=== WHAT YOU NEED TO DO ===
Set down all of the data exactly. Pictures stay out of the copy.

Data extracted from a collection
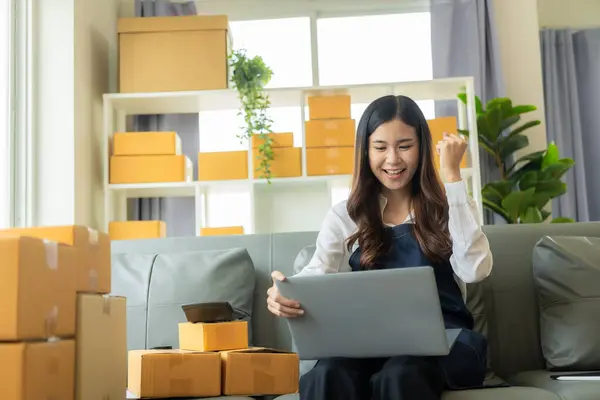 Happy Asian woman receives good news from online name order, SME parcel box and uses smartphone to order online email in SME seller chat box, concept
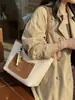 Bolso Tote de Gran Capacidad de Alta Gama de Moda para Mujer 2025 Nuevo Modelo Textura de Viajero Bolso de Hombro Bolso Cubo de Comercio Exterior Transfronterizo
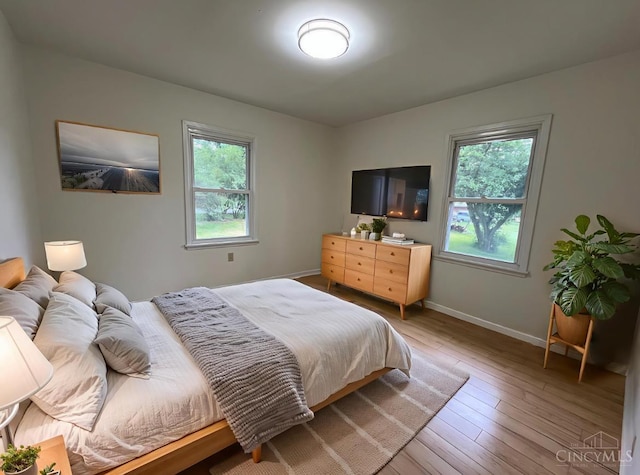 2035 Miles Rd, Cincinnati, OH 45231 - bedroom featuring baseboards and light wood-style flooring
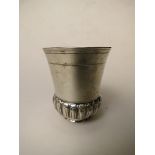 A 19th century continental silver beaker with gadrooned base, marks verso, 3" high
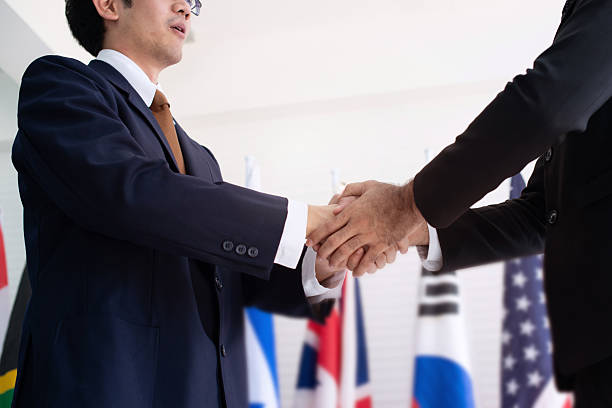 istock Business people shaking hands with international flags on blurred background 2217651699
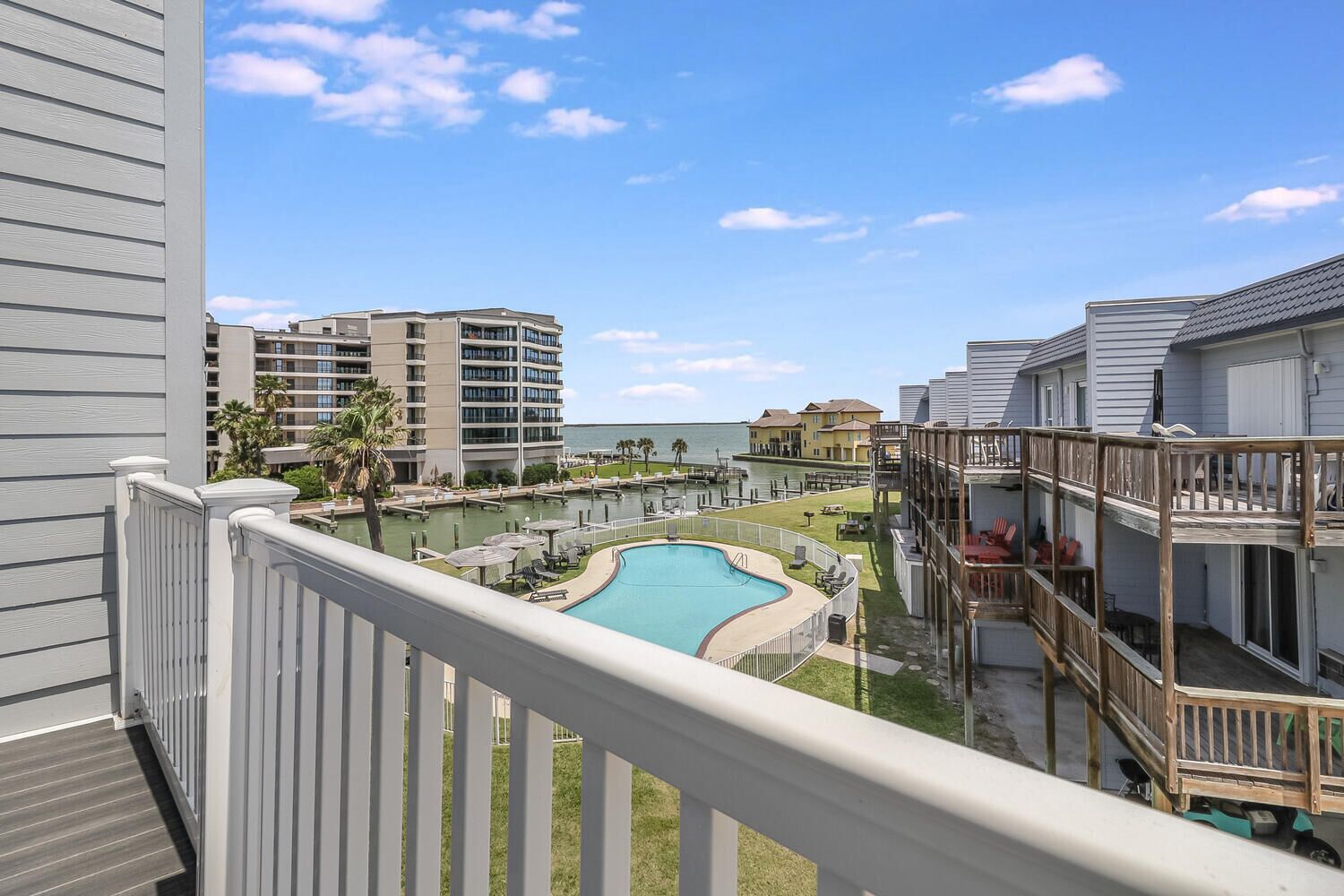 Spacious condo sleeps 8 community pool lighted fishing pier boat slips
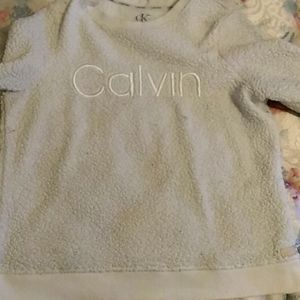 Calvin Klein sweater, size medium, it's white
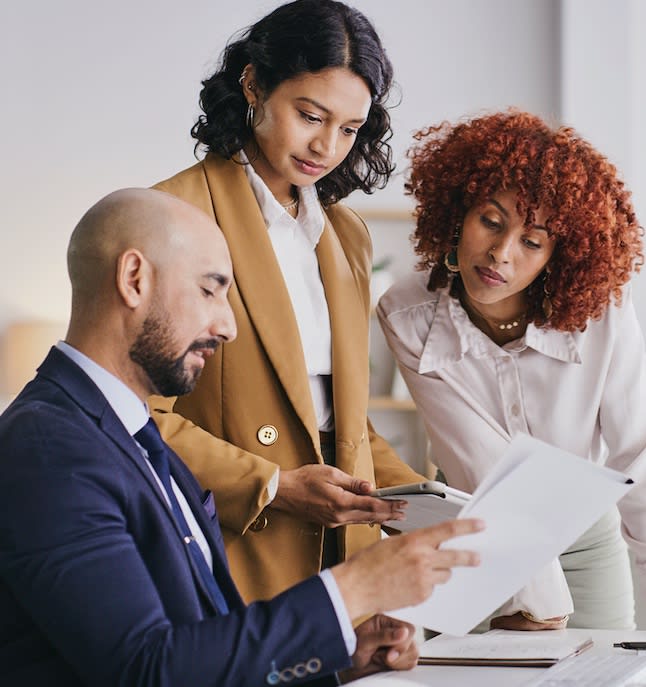 Financial advisors providing consultation to a businessman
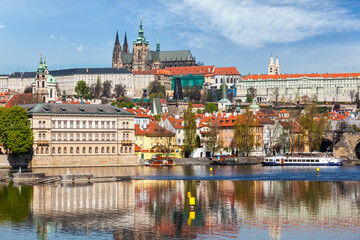 View of Charles bridge over Vltava river and Gradchany (Prague Castle) and St. Vitus Cathedral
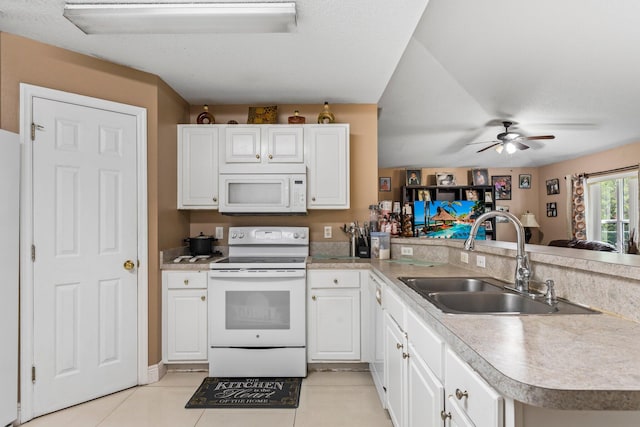 kitchen featuring white appliances, kitchen peninsula, ceiling fan, white cabinets, and sink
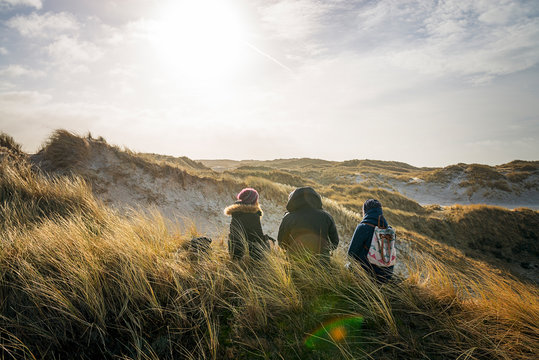 Denmark, Henne Strand, People hiking in dune landscape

=== SOLUTION TO THIS PROBLEM ===
 Happy Asian woman receives good news from online name order, SME parcel box and uses smartphone to order online email in SME seller chat box, concept
 Bolso Tote de Gran Capacidad de Alta Gama de Moda para Mujer 2025 Nuevo Modelo Textura de Viajero Bolso de Hombro Bolso Cubo de Comercio Exterior Transfronterizo
 2035 Miles Rd, Cincinnati, OH 45231 - bedroom featuring baseboards and light wood-style flooring
 A 19th century continental silver beaker with gadrooned base, marks verso, 3" high
 istock Business people shaking hands with international flags on blurred background 2217651699
 Spacious condo sleeps 8 community pool lighted fishing pier boat slips
 Calvin Klein sweater, size medium, it's white
 Financial advisors providing consultation to a businessman
 View of Charles bridge over Vltava river and Gradchany (Prague Castle) and St. Vitus Cathedral
 kitchen featuring white appliances, kitchen peninsula, ceiling fan, white cabinets, and sink
 Denmark, Henne Strand, People hiking in dune landscape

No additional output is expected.